Formado en una época en donde la escuela republicana todavía transmitía el brillo de la alta cultura europea, Marc Fumaroli (1932-2020) fue uno de los últimos representantes de los valores de una Francia burguesa que hizo de la conversación erudita y de la alta literatura el sello civilizatorio por excelencia. Borges observó que, si Inglaterra es una escritura, Francia compendia en sí toda una biblioteca con su complejo catálogo de tradiciones literarias: de Montaigne a Ronsard, de Proust a Baudelaire, de Léon Bloy a Paul Verlaine. Hablo también de un mundo burgués, porque los libros de Marc Fumaroli, tan siglo XVII, son deudores de una luz muy peculiar, intrínsecamente occidental, que remite a la excelencia de una aristocracia ahormada por los hábitos industriales, y por tanto conservadores, de la gran ciudad. Esa luz burguesa, recogida en el salón del hogar –levemente severo pero refinado y sensual, con sus libros de lomo dorado, su gabinete de curiosidades y un acompañamiento de música de cámara– refleja uno de los logros más señeros de la modernidad, un auténtico paisaje intelectual que forma ya parte irremediablemente del pasado.
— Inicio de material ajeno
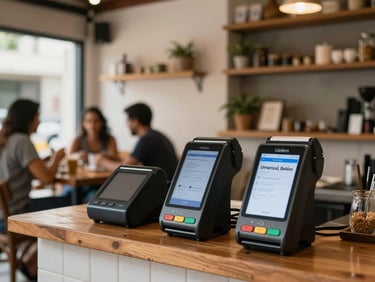 A cozy local café interior in Umarizal, Belém, with customers and digital payment terminals visible.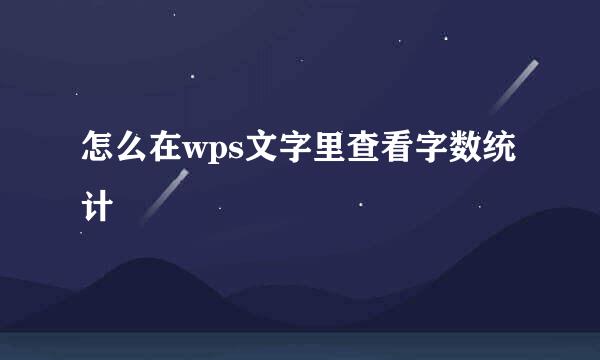 怎么在wps文字里查看字数统计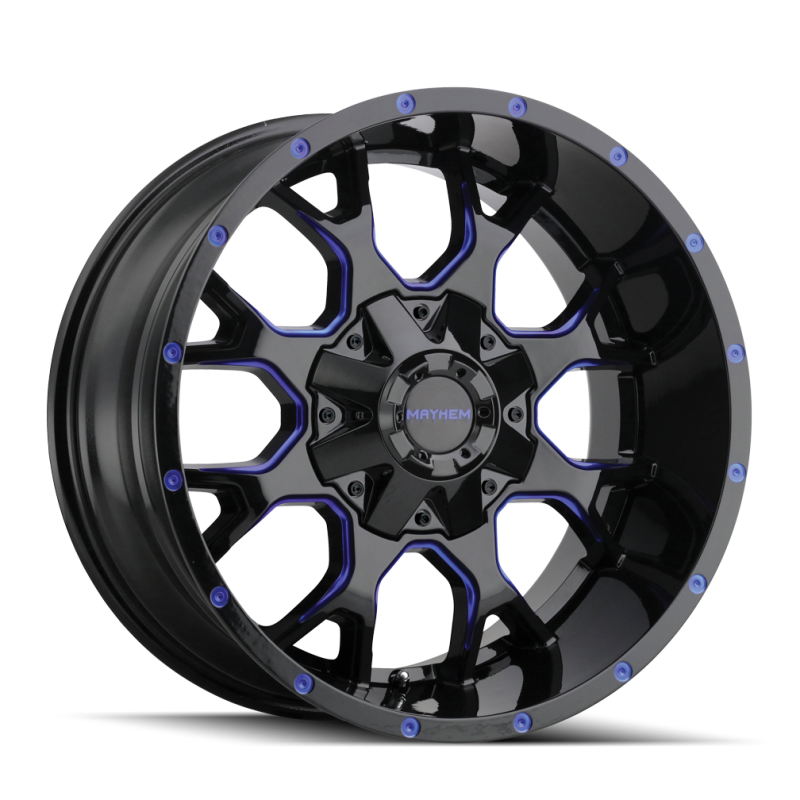 Mayhem 8015 Warrior 20x9 / 6x135 BP / 0mm Offset / 106mm Hub Black w/ Prism Blue Wheel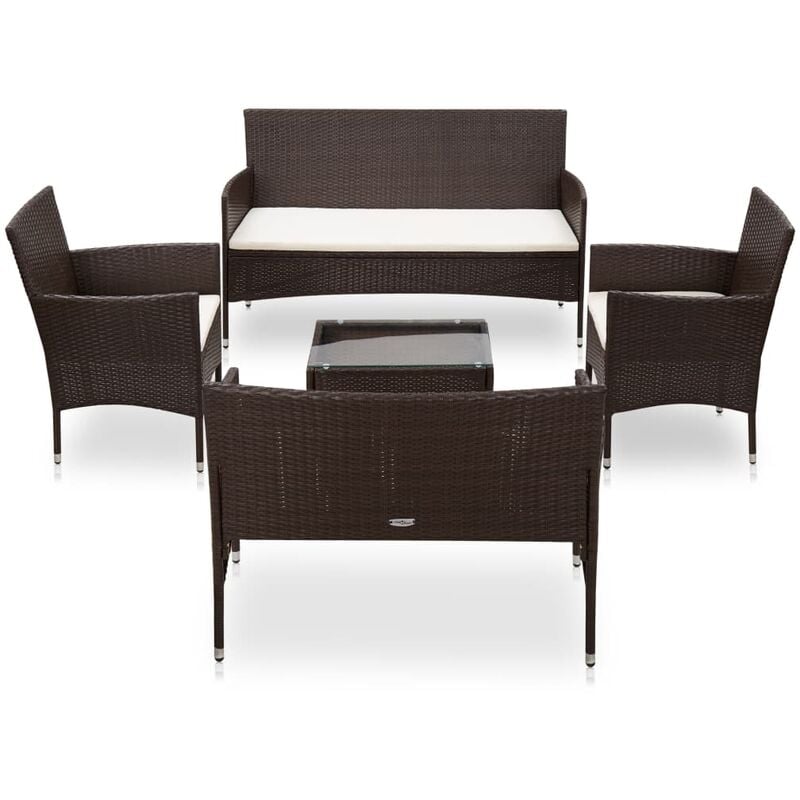 

Set muebles de jardín 5 piezas y cojines ratán sintético marrón - Marrón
Fumaroli era esa Europa, aunque matizada por el acento particular de Francia, más geométrico que romántico, distinto al tono inglés de una conversation piece, al contrarreformismo español o a la rígida eficiencia luterana de los alemanes. La Europa de Fumaroli era –diríamos– la de un cosmopolita, hijo en su literalidad del Siglo de las Luces, rabiosamente antinacionalista como no podía ser de otro modo, aunque no antipatriota y consciente de la radical condición filial del ser humano: todos somos hijos de alguna tradición. La suya bebía del XVII y del XVIII y se había construido en diálogo con sus grandes hombres. Escribió sobre Pascal, Chateaubriand, Poussin, Richelieu o Montaigne. Sabía que el ingenio es uno de los rostros de la diplomacia y que Occidente –su alma, su aliento– es en primer lugar un abecedario. Frente al prestigio actual del conservadurismo –ese instinto prudencial sobre la fragilidad de los pueblos–, Fumaroli se declaraba reaccionario, no por antimodernista (¿cómo va a ser antimoderno un hijo de la Ilustración?), sino como respuesta a esa falsa modernidad que confunde el espectáculo y la propaganda con la auténtica cultura. Dicho de otro modo, Fumaroli era alguien que, ateo o no, se negaba a ser un nihilista. Lo cuál, paradójicamente, lo convirtió en un provocador.
En efecto, muchos de sus libros se leyeron como provocaciones. El Estado cultural fue uno de ellos; París – Nueva York – París, otro. Se trataba de ensayos vigorosos en donde criticaba el papel intervencionista de los gobiernos en la cultura o en donde desnudaba la impostura del arte contemporáneo. Había algo profético en esa voz que apelaba directamente al hombre enamorado de la belleza en su sentido más clásico y, por tanto, más humano. Porque al final la idea clave en Fumaroli era la confianza en la humanidad: creer, en definitiva, que somos capaces de mucho más y que, si nuestras raíces se hunden en tierra fértil, nuestras ramas se dirigen hacia el sol. Interrogado en una ocasión por La Vanguardia acerca de su libro sobre Baltasar Gracián, afirmó que lo que le interesaba de los jesuitas –y Gracián lo fue– era que habían tomado partido “por el progreso humano y por la confianza en la naturaleza humana, vinculada a la gracia divina”. Estas palabras resumen el pensamiento último de nuestro autor. Permanecerán sus grandes libros, títulos como La república de las letras o Las abejas y las arañas. La Querella de los Antiguos y los Modernos. Y permanecerá también su denuncia contra un mundo que ha renunciado a sus clásicos en su afán de pensar sólo el futuro.